As we motored upstream to the "good spot," a camo duck boat gradually came into view, and it was anchored up right where we wanted to be.

One of the yahoos in the camo boat hooked up just as dawn began to break. He was wearing an exceptionally large white cowboy hat, and as he lifted the fish out of the water he yelled out a drawl of, "This is what they look like boys!"

I quickly learned that in Ohio this can be interpreted as "Wanna rassle?" and before I knew what was happening we'd lifted anchor and were motoring towards the fellows in "our spot." I'd no idea how this would play out, but as we got closer fallen smiled and said, "That's BM Barrelcooker!"

The previous day there had been a lot of talk about how great the fishing had been, how great it was going to be, big fish, lots of fish, first cast, epic, insane, unbelievable ... all of which ensured a skunk for everyone except BM and Palometa.

Eventually we tired of beating the water and adjourned to an incredible restaurant on the Best Main Street in Ohio, were fallen made fast friends with our waitress. At the end of our meal we parted ways with BM, Palometa, and fallen's friend, and then headed to fallen's place.

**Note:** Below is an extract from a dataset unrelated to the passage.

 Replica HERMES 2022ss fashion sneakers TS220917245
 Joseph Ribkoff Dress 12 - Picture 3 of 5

Fallen has a beautiful house in a lovely neighborhood, and his kids are fantastic. He's commandeered a third of the house for his own private use: big screen, pool table, lots and lots of booze, etc. so we hung out there before heading to the camp.

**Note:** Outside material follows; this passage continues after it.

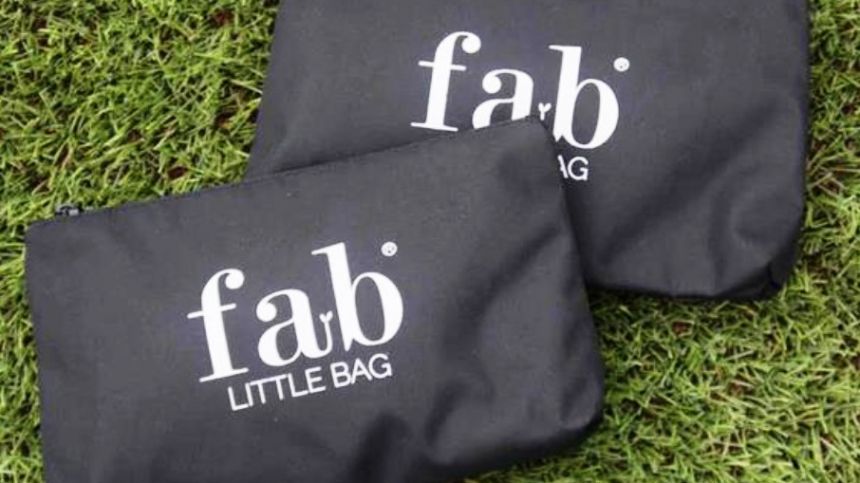 Sports Clubs in Renmore launch FabLittleBag initiative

The camp was pretty isolated, and if you didn't know where you were going you'd probably never find it. It consisted of a large grassy area ringed with what looked like abandoned trailers. The trailers all had homey names on them: "Meth House," "Rape Shack," "Free Candy," "House of Pain," and some others I can't remember. There was a bathroom in the middle of it all, and next to the bathroom was a pile of pallets, furniture, scrap wood, and construction material twice as big as any of the trailers. Off to one side there was a covered pavilion and some picnic tables, along with a fridge that was only slightly cleaner than the shitter. The doors of the fridge would pop off the hinges every time you opened it, which ensured endless evening entertainment.

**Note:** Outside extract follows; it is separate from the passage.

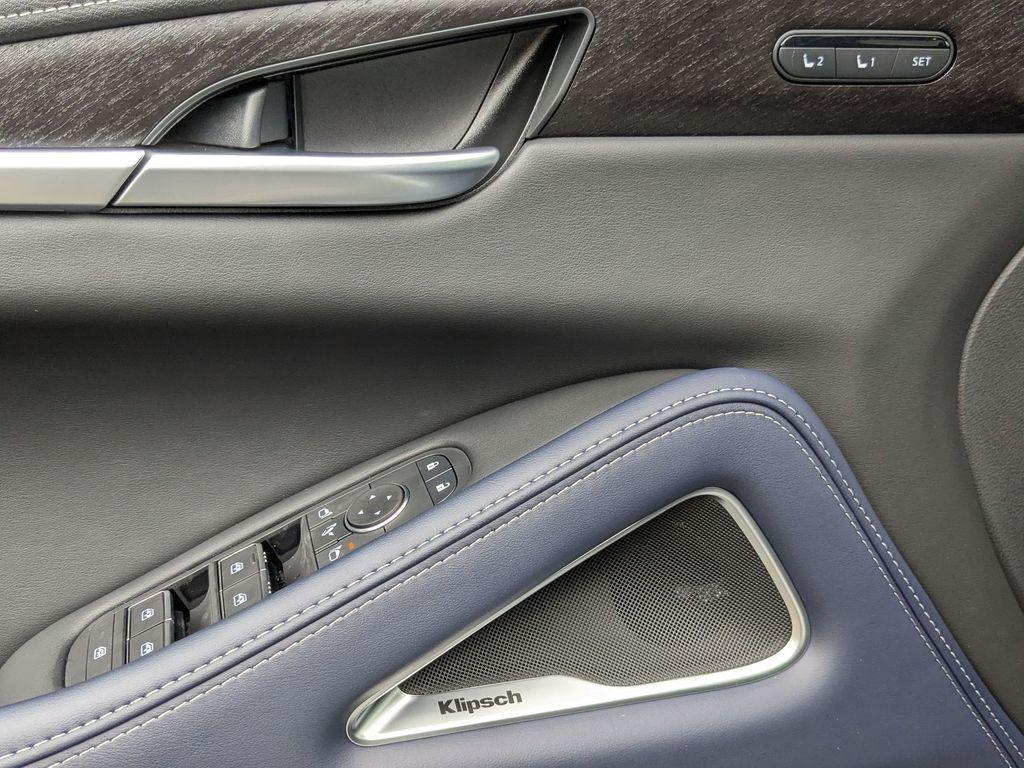 new 2026 INFINITI QX60 car, priced at $65,855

One of the owners was there to greet us when we drove in: a big guy with a handlebar mustache wearing a tee-shirt with the sleeves ripped off. He could have passed for a young Paul Teutul Sr. He turned to us and said, "Now I want you boys to enjoy this place, but there is one rule that you absolutely cannot break: no firearms." Then he pointed to the big pile of debris next to the shithouse and said, "You see that? I want you to burn it." He also warned us against drinking the water. Easy enough. We had other stuff to drink.

The place could not have been more perfect.

We unloaded the truck and started drinking.

West Chester made a nine hour drive to join us, and as soon as he got out of his car and introduced himself we said, "We need you to get back in your car and go buy us some beer and ice."

"Sure thing. I passed a store on the way in."

Not long after that RockyMtHigh showed up with some fine scotch and a dozen cigars, including a handful of Cuban Cohibas, and before long we'd converted one of the picnic tables into a bar/humidor that held more high-end booze than any of the dives I tend to patronize.

Later that night Pxatim cooked up some awesome fajitas, and I may or may not have helped out with dinner.

I definitely started a fire.

Before the trip, pxatim sent me an email that read, "I'm bringing you a tent and an air mattress and anything else you need." The tent was huge, and only slightly smaller than some of the trailers. I brought my own sleeping bag - Hogleg knows why - along with my piss bucket.

I don't remember going to bed that night, but I do remember waking up in the tent without my piss bucket and an urge to relieve myself.

I stood up in the tent and started looking for the zipper, but couldn't find it. This is something I've struggled with in the past, and after a moment or two I thought, "I guess I'll be buying another damaged tent." Right about then pxatim woke up, reached over to the fly and unzipped it. I then quickly exited the tent and relieved myself on the lawn, but I'm still baffled as to why every time I need to desperately get out of a tent, the zipper is always a couple of inches off the ground. None of the door handles in my house are at ankle height, and I don't have to get down on my hands and knees to open them, so why tents?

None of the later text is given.